Nuclear Energy in the UK: Safety Culture and Industrial Organisation

Nuttall, William J. and Earp, John E. (2014). Nuclear Energy in the UK: Safety Culture and Industrial Organisation. In: Nam, Ilchong and Rothwell, Geoffrey eds. New Nuclear Power Industry Procurement Market: International Experiences. Research Monographs (2014-01). Sejong-Si, South Korea: Korea Development Institute, pp. 142–183.

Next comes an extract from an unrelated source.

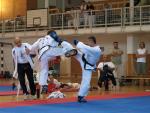 taekwondo2011089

In this paper we seek to explore the relationship between professionalism and nuclear safety in the UK. We consider the history of civil nuclear energy in Britain and the near complete shift in emphasis from state owned enterprises to the private sector. We show how in recent years government has acknowledged that a truly liberalised electricity industry is unable to deliver the construction of new nuclear power stations as part of a future low carbon electricity system. Throughout, however, the intention has been for policy merely to incentivise the private sector rather than to steer industry strategy directly. Having said that, the line between strong incentives and weak control can be hard to see. We present illustrative examples, real and fictional, that give insight into the UK nuclear safety culture and we discuss the wider nature of UK society with respect to corruption. We conclude that the unique basis of safety regulation in the UK, essentially permissive rather than prescriptive, has a key role to play in promoting and maintaining nuclear professionalism.